И, дабы известие об их браке не прозвучало для тех, кто его не желал, как гром среди ясного неба, и полагая, что предварительные намеки могут смягчить неизбежный удар, новость эту намеренно нашептывали многим, но лишь тем, кто не мог ничего с точностью утверждать. И чтобы положить конец беспокойствам сэра Джорджа, ибо сомнение часто возбуждает более тревожные мысли, чем точное знание, эта новость была ради мистера Донна и с его одобрения доведена до сведения сэра Джорджа его почтенным соседом и приятелем Генри, графом Нортумберлендским, но оказалась столь нежелательной и привела сэра Джорджа в такое негодование, что, словно стремясь силой своего гнева и неосмотрительности превзойти силу их любви и заблуждения, он привлек на свою сторону сестру, уже упомянутую леди Эллесмер, дабы та вместе с ним добивалась от своего супруга отстранения мистера Донна от обязанностей, которые он исполнял при Его Светлости. Просьбы были весьма настойчивыми, и хотя сэру Джорджу напоминали, что тяжесть наказания может превзойти тяжесть ошибки и потому желательно от него воздержаться, покуда зрелое размышление не устранит кое-каких сомнений, он успокоился только тогда, когда его просьба была удовлетворена и наказание свершилось. И пусть лорд Эллесмер, отстраняя Донна от должности, не отозвался о нем с такой похвалой, какой удостоил великий император Карл Пятый своего секретаря Эразо, представляя его своему сыну и наследнику Филиппу Второму со словами, что «в лице этого Эразо вручает ему дар более драгоценный, нежели все свое имение и все те государства, которые ему вверил», но все же лорд-канцлер сказал, что «расстается с другом и с таким секретарем, которому более пристало служить монарху, нежели одному из его подданных».
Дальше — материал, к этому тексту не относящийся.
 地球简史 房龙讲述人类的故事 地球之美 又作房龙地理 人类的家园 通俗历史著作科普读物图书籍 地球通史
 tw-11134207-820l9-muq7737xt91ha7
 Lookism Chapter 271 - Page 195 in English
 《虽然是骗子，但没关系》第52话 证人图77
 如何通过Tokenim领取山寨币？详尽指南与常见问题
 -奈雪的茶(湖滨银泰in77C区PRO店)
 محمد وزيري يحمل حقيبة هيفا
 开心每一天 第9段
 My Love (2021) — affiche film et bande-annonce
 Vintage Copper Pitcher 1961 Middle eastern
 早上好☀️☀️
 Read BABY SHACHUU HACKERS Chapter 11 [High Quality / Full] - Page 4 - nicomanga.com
Лишившись службы, он сразу отправил грустное письмо своей жене, чтобы уведомить ее об этом; постскриптум был таков:
Джон Донн с Анной Донн разлучен.
И, видит Бог, это была правда; потому что даже такого горького лекарства, как изгнание мистера Донна со службы, оказалось недостаточно, чтобы душа сэра Джорджа полностью освободилась от гнева; ибо он не успокоился до тех пор, пока мистер Донн, — а также мистер Сэмюэл Брук,[1767]
его соученик по Кембриджу, который его венчал и стал впоследствии доктором богословия и главой колледжа Святой Троицы, и его брат, мистер Кристофер Брук, который был посаженным отцом невесты, а прежде жил с мистером Донном в одной комнате в Линкольнз-Инн, — пока все трое не были приговорены к заключению в трех разных темницах.Мистера Донна освободили первым, причем ни его тело, ни его дух и ни один из тех знакомых, на чью помощь он мог надеяться, не знали покоя, пока он не добился освобождения двух своих друзей.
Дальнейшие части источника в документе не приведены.